Already, some AI tools have been shown to worsen or contribute to existing health disparities — particularly along the lines of race, gender, and socioeconomic status. There is also no standard way for AI system developers to communicate AI tools’ intended uses, limitations, or general safety.
“It’s a free-for-all,” Balu said.
Constantly evolving AI systems are, in many ways, harder to evaluate than drugs, which generally do not change once they are approved. In a paper published in April in the journal Nature Digital Medicine, Harvard Law School professor Glenn Cohen proposed one potential fix for that: Rather than evaluating AI tools as static products, they should be assessed as systems capable of being reevaluated in step with their evolution.

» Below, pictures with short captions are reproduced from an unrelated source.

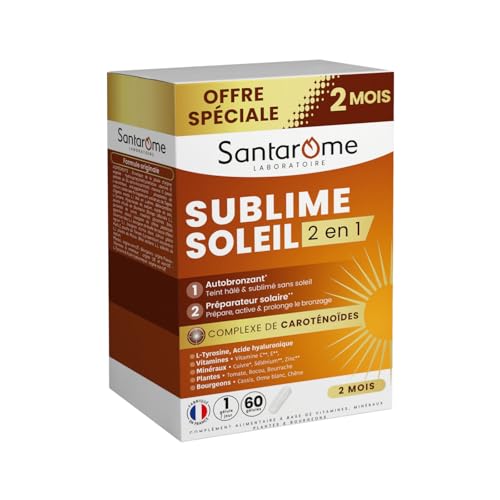 Santarome Bio - Sublime Soleil 2 en 1 - Autobronzant & Préparateur Solaire - Complément alimentaire solaire - Caroténoïdes & Plantes - Offre spéciale 2 mois - 60 gélules - France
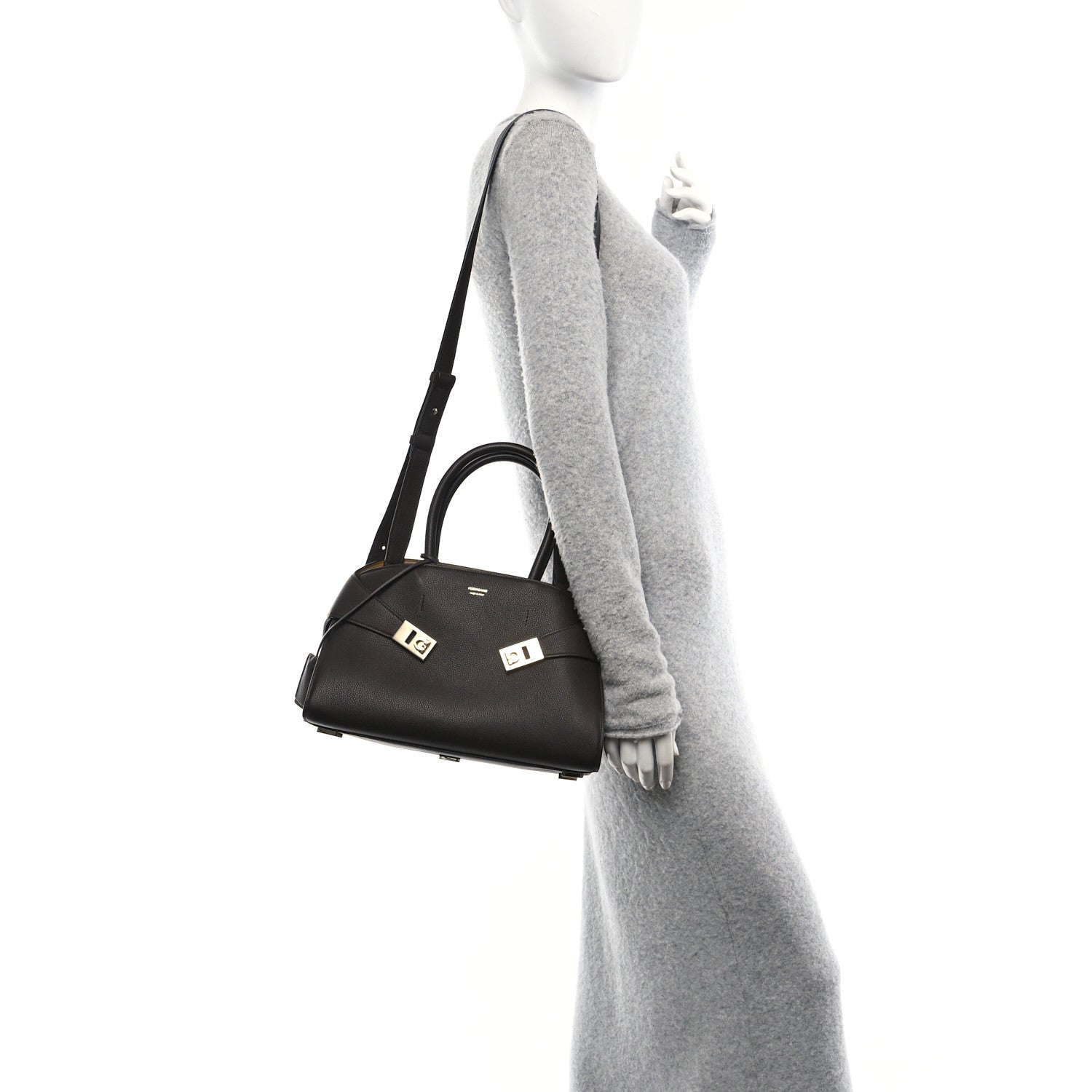 Salvatore Ferragamo Hammered Calfskin Small Hug Bag  Burnt Ocra 2 of 8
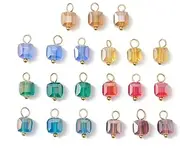 [UR URLIFEHALL] 400 pcs Random Cube Crystal Glass Charms Colorful Faceted Square Shape Charms for DIY Bracelet Necklace Earrings Jewelry Making Crafts Supplies, Glass, No Gemstone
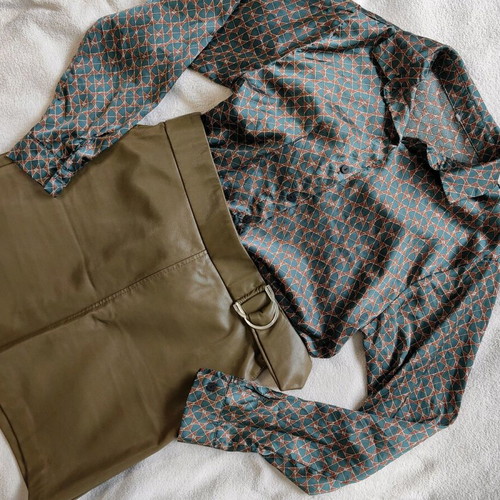 Zara eco leather green skirt, size M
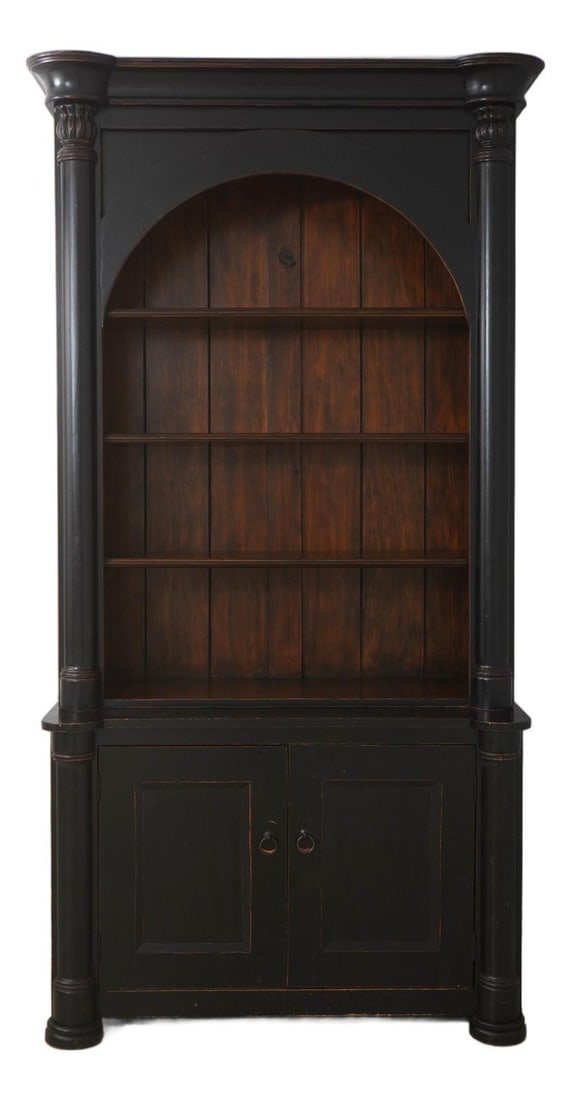 Arched Wood Bookcase Black Finish Natural Top 58w x 25.5d x 107.5h (1 of 10)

“This shift in perspective — from a product view to a system view — is central to maximizing the safety and efficacy of AI/ML in health care,” Cohen wrote.
A big part of evaluating that system is closely examining how it works in the clinic. At Duke, the researchers aren’t just looking at how accurate their models are — but also how effective they are in the real world setting of a hectic hospital.
At the same time it is crowdsourcing ideas for tools, the team is also getting creative with how to make sure clinicians understand how to use the tools they develop. That step could prove crucial to taking an AI model from an accurate predictive tool to an actually useful technology.
A prime example of those efforts: the nutrition facts label Duke researchers have tested with their sepsis model.
In a paper published in March in the journal Nature Digital Medicine, the team presents a prototype of a label that included a summary of the tool’s intended uses and directions, warnings, and data on the tool’s validation and performance.
“We wanted to clearly define what the tool is, where you can use it, and more importantly, where you should not use it,” Balu said.